William Roller

Personal information
- Full name: William Eyton Roller
- Born: 1 February 1858 Clapham Common, England
- Died: 27 August 1949 (aged 91) Bayswater, England
- Batting: Right-handed
- Bowling: Right-arm medium
- Relations: Charles Roller (brother)

Domestic team information
- 1881–1890: Surrey
- FC debut: 25 July 1881 Surrey v Kent
- Last FC: 28 August 1890 Gentlemen of England v I Zingari

Career statistics
| Competition | First-class |
| Matches | 120 |
| Runs scored | 3,820 |
| Batting average | 21.10 |
| 100s/50s | 7/15 |
| Top score | 204 |
| Balls bowled | 10,507 |
| Wickets | 190 |
| Bowling average | 19.62 |
| 5 wickets in innings | 4 |
| 10 wickets in match | 0 |
| Best bowling | 6/44 |
| Catches/stumpings | 78/– |
- Source: CricketArchive, March 2012

= William Roller =

English cricketer

William Eyton Roller (1 February 1858 — 27 August 1949) was an English cricketer who played for Surrey from 1881 to 1890 when they were Champion County six years running.

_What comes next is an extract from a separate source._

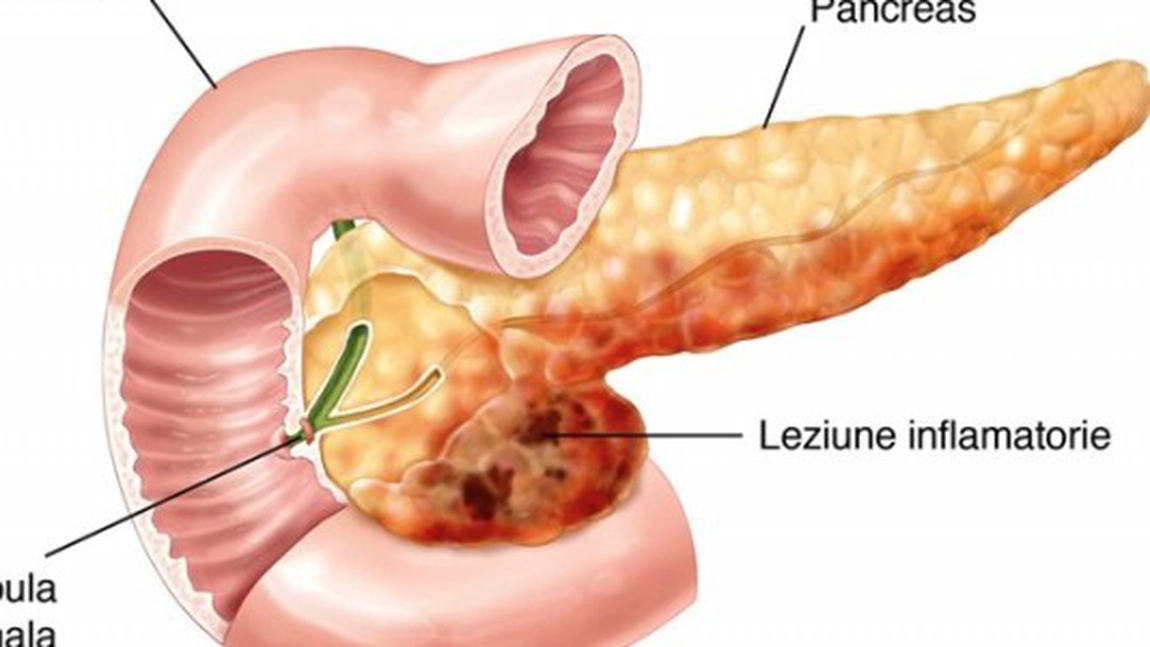 Cum tratezi naturist pancreatita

Roller was born in Clapham Common, the son of Frederick William Roller, a merchant of the Grange, Clapham Common, Surrey. He was educated at Westminster School, where he was a member of the cricket XI in 1873 and was the only one with a double figure average. He matriculated from Caius College, Cambridge in Autumn 1876. He did not play first-class cricket for the university but he made his debut for Surrey in July 1881 Kent. This was the first of 102 matches for Surrey, between then and 1890.

Against Lancashire at The Oval in 1883 Surrey were set 234 to win, but lost seven wickets for 122. When K. J. Key joined Roller, they scored 56 of the 112 runs required by the evening and the remaining 56 the next morning in what was considered as one of the best performances of the season. In 1885 he scored 204 and managed a hat-trick against Sussex at The Oval and made 144 in the return match at Brighton. In 1887 against Lancashire at Old Trafford, Roller and WW Read shared a third wicket partnership of 305 in which Roller made 120 and W. W. Read 247. Altogether he scored 3,822 runs for the county and took 188 wickets.

Roller also played five times for Gentlemen of England, four times for the South and once each for Cambridge University Past and Present and the Lyric Club. In 1885 and 1886 he toured the United States and Canada with E. J. Sanders' team, and was acting captain in the latter year.

Roller was a right-handed batsman and played 193 innings in 120 first-class matches with an average of 21.10 and a top score of 204. He was a right-arm medium pace bowler and took 190 first-class wickets at an average of 19.62 and a best performance of 6 for 44. He was one of the finest all-round cricketers.

Roller was a fine swimmer and Association football player. He was a fine golfer and in 1898 was elected captain of the Biarritz Golf Club. He was Vice President of Surrey.

Roller died in Bayswater at the age of 91 on 27 August 1949.

Roller married firstly Ada Isabel Tickle, daughter of J. B. Tickle, of Sydney, New South Wales, and had issue. He married secondly in 1908 Mabel Edith Hill, sister of his first wife.